Все в нас безмолвствует

И искреннейше пред ним склоняется.

 

Здесь утрачена спутанность чувств, сопровождающая ужас, но не объемлющая душу несказанная робость. Сохраняется мистическое содрогание, сопровождаемое описанным выше чувством тварности, собственной ничтожности, падшести перед лицом объективно переживаемого Ужаса и Величия[10].

Для обозначения момента, вызывающего нуминозный tremor, на первое место выходит то «свойство» numen, которое играет важную роль в нашем Священном Писании и которое своей загадочностью и непостижимостью доставило много трудностей как интерпретаторам, так и вероучителям. Речь идет об orge, гневе Яхве, который в Новом Завете встречается вновь как orge theoy. Мы вернемся к тем местам из Ветхого Завета, где еще ясно ощутимо родство этого «гнева» с демонически-призрачным, о котором мы только что говорили. Ему легко найти соответствия во встречающемся во многих религиях представлении о таинственном «ira deorum»[11]. Странные черты «гнева Яхве» всегда бросались в глаза. Прежде всего, во многих местах Ветхого Завета ощутимо, что этот «гнев» изначально не имеет ничего общего с нравственностью. Он «возгорается» и загадочным образом о себе заявляет как «скрытая природная сила», как скопившаяся электроэнергия, разряжающаяся на того, кто слишком близко подходит. Гнев «непредсказуем» и «произволен». Тому, кто привык мыслить божество только в рациональных предикатах, это должно казаться капризностью и произволом. Но такую точку зрения решительно отвергли бы набожные люди библейских времен: им это никак не казалось приуменьшением достоинства, но естественным выражением и некоторым моментом самого «священного», казалось чем-то совершенно неустранимым. И с полным на то правом. Ибо этот ira есть ничто иное, как само «tremendum» — нечто само по себе совершенно иррациональное. Это улавливается и выражается с помощью наивной аналогии с природной сферой — с жизнью человеческой души.

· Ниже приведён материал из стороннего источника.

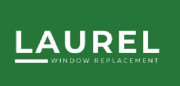 business-logo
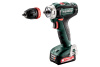 Аккумуляторная дрель-шуруповерт POWERMAXX BS 12 Q Аккумуляторная дрель-шуруповерт POWERMAXX BS 12 Q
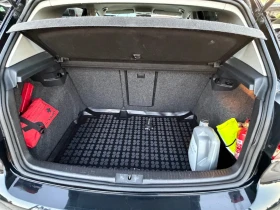 VW Golf 2.0TDI АВТОМАТ ВСИЧКО ПЛАТЕНО, снимка 8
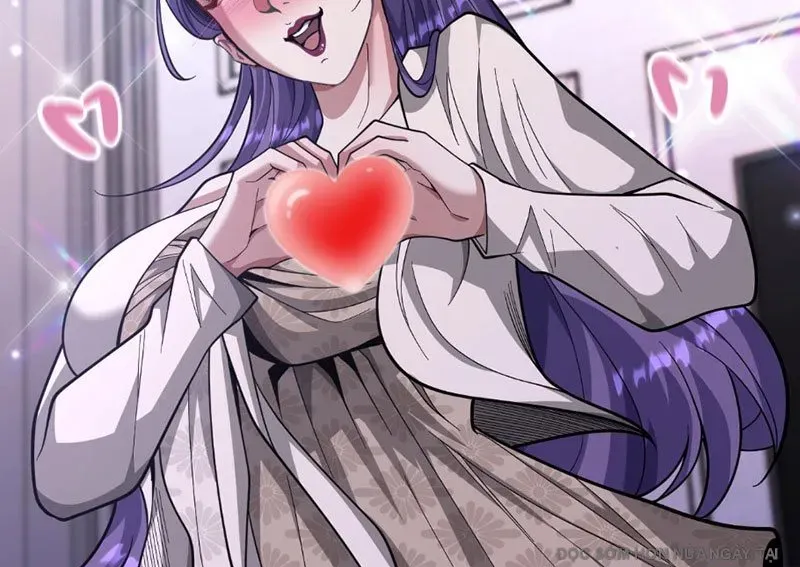 Thần Hào Như Ta, Làm Tra Nam Cũng Là Hợp Lý - Chapter 13 - Page 36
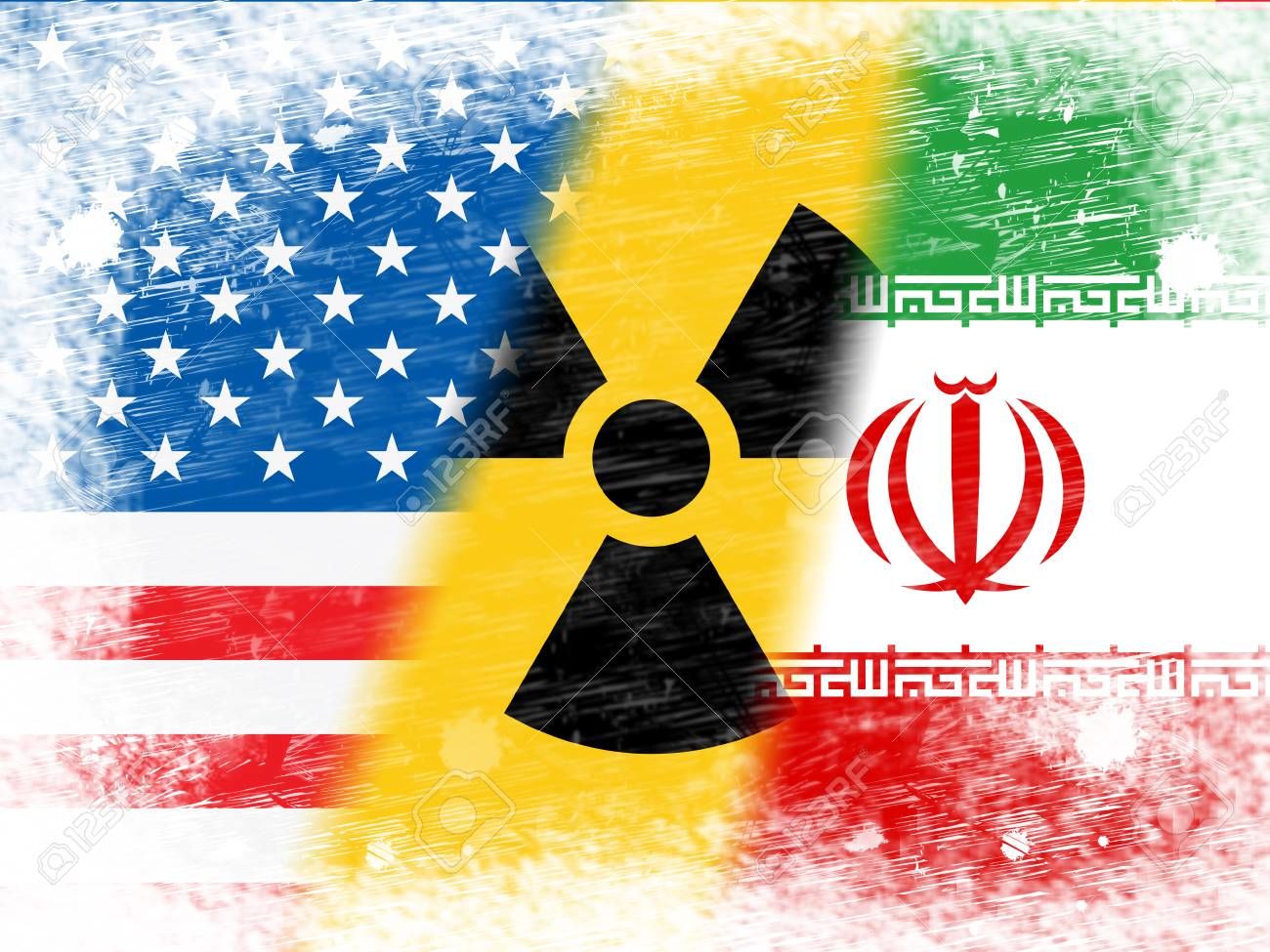 لغو مذاکره ایران و آمریکا با اقدام اخیر بایدن؟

Причем это — в высшей степени яркое и меткое сравнение, которое всегда сохраняет свою ценность и еще совершенно неизбежно для нас при выражении религиозного чувства. И нет сомнения в том, что христианство учило и учит о «гневе Божьем», вопреки Шлейермахеру и Ричлю.

При этом опять сразу бросается в глаза, что здесь мы имеем дело не с рациональными «понятиями», но лишь с чем-то, похожим на понятие, — с идеограммой или просто знаком момента своеобразного чувства в религиозном переживании. Но момента странно отталкивающего характера, переполняющего ужасом. Это явно мешает тем, кто желает признавать в божественном только доброту, мягкость, любовь, доверие и им подобные моменты в отношении Бога к миру. Рационализация этого обычно ложно именуемого «естественным» (а на деле совершенно «неестественного») нуминозного ira заключается в его наполнении рационально-этическим моментом божественной справедливости, воздаяния и наказания за моральные прегрешения. Но в мире библейских представлений божественная справедливость остается еще слитой с тем, что она наполняет, с тем, что ей предшествует. В «гневе Божьем» всегда ощутимо трепещет и светится это иррациональное, которое потрясает естественного человека.

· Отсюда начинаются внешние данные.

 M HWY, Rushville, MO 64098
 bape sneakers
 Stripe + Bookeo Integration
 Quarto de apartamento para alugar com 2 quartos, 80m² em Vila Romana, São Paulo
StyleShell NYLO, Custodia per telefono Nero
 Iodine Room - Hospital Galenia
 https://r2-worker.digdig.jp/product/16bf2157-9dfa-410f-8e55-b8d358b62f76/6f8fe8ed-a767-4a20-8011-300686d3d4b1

Наряду с «гневом» или «яростью» Яхве стоит родственное им выражение — «ревность Яхве». «Ревность, или рвение, по Яхве» — тоже нуминозное состояние, которое переносит на того, кто в нем пребывает, черты tremendum. (Ср. Пс. 68:10: «Ибо ревность по доме Твоем снедает меня»).

 

В) Момент всемогущего («majestas»)

 

Сказанное выше о tremendum можно свести к идеограмме «совершенной неприступности». Но затем сразу чувствуется, что необходимо присоединить еще один момент, чтобы полностью исчерпать ее, а именно, момент «власти», «силы», «всемогущества», «полновластия». Изберем для него в качестве имени-символа слово «majestas». Тем более, что даже в немецком «Majestat» для нашего чувства языка еще дрожит последний слабый отзвук нуминозного[12].

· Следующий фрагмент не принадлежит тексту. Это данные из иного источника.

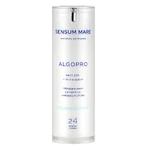 Sensum Mare Algopro, лифтинг-сыворотка с 10% увлажняющим комплексом PDRN, 30 мл: цены и характеристики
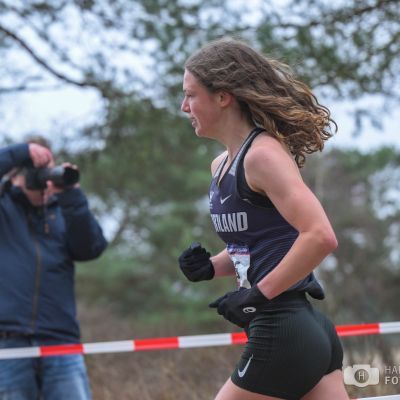 31-12-2024-sylvestercross-fotos-13-14U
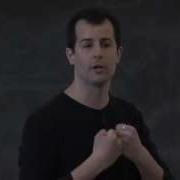 Lecture 4 Objective C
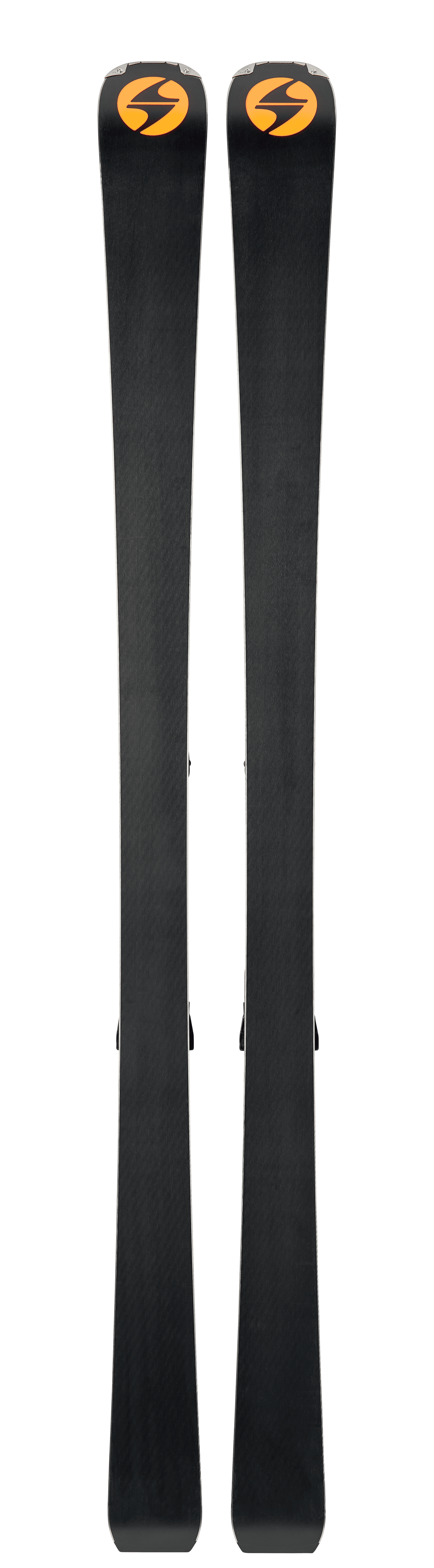 STORMBIRD80 TI + TP11LIGHTDEMO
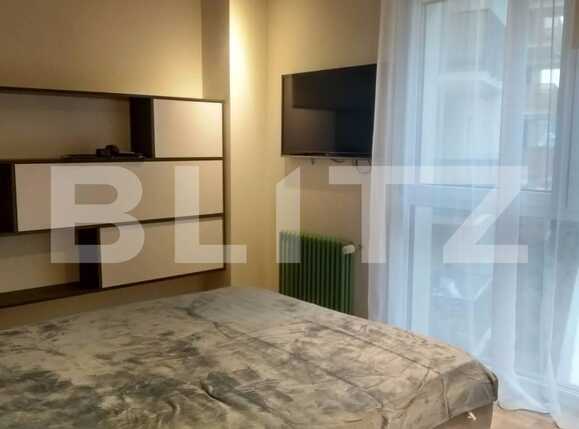 Apartament de vânzare 2 camere Semicentral - 28964AV | BLITZ Cluj-Napoca | Poza6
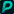 PitSync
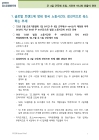 미리보기 이미지 1번째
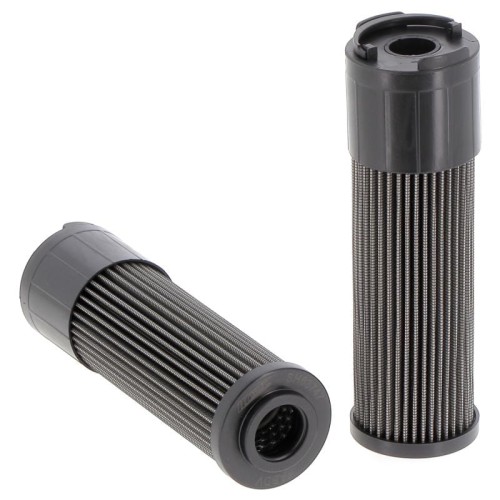 Filtr hydrauliczny SH63747 Hifi Filter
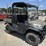 2018-kubota-rtv-x1120-image-6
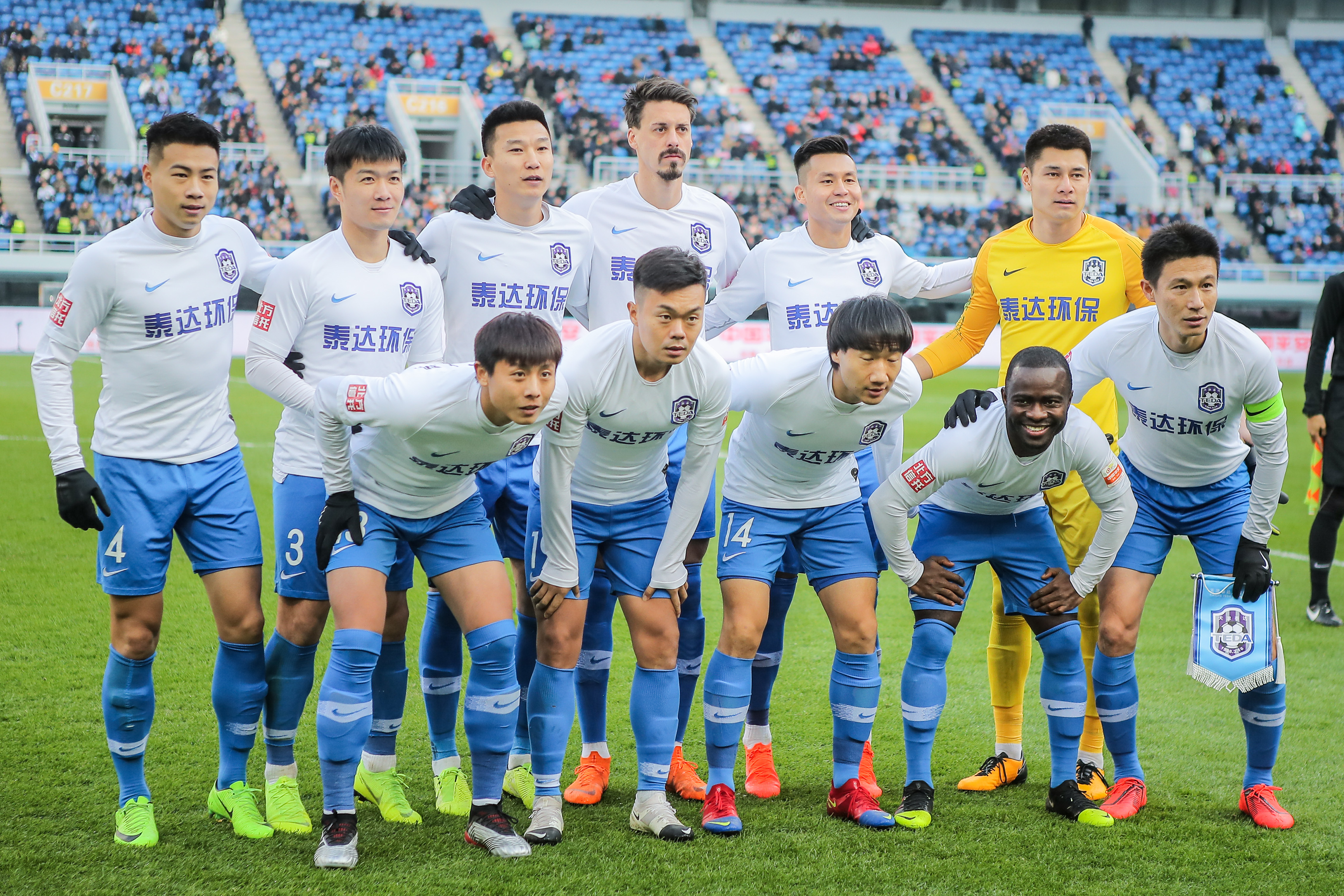 减少误封 减少误封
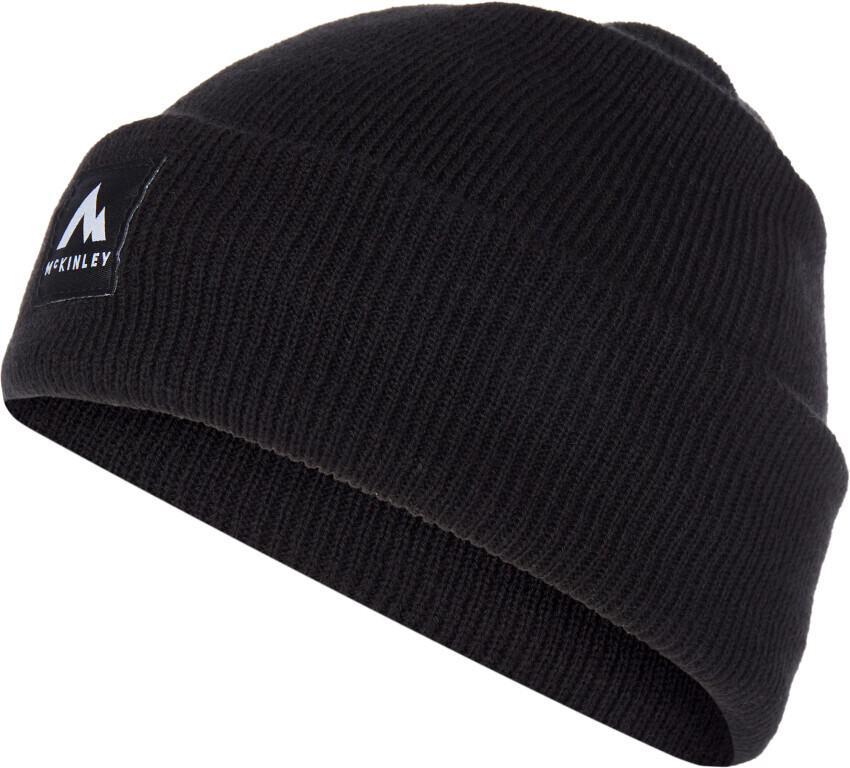 McKINLEY Eon II , Čiapka, Velikosť: 52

Момент tremendum поэтому вполне можно передать как «tremenda majestas». Этот момент может живо сохраняться там, где первый момент, момент «неприступности» отступает и затихает, как то может происходить, например, в мистике. В особенности с этим моментом совершенного всемогущества — «majestas» — соотносится, как его тень и как субъективное его отображение, то «чувство тварности», которое выявляется по контрасту с объективно ощутимым всемогуществом в виде чувства собственно и падшести, ничтожности, праха и пепла, небытия. Оно образует, так сказать, нуминозный сырой материал для чувства религиозного «смирения»[13].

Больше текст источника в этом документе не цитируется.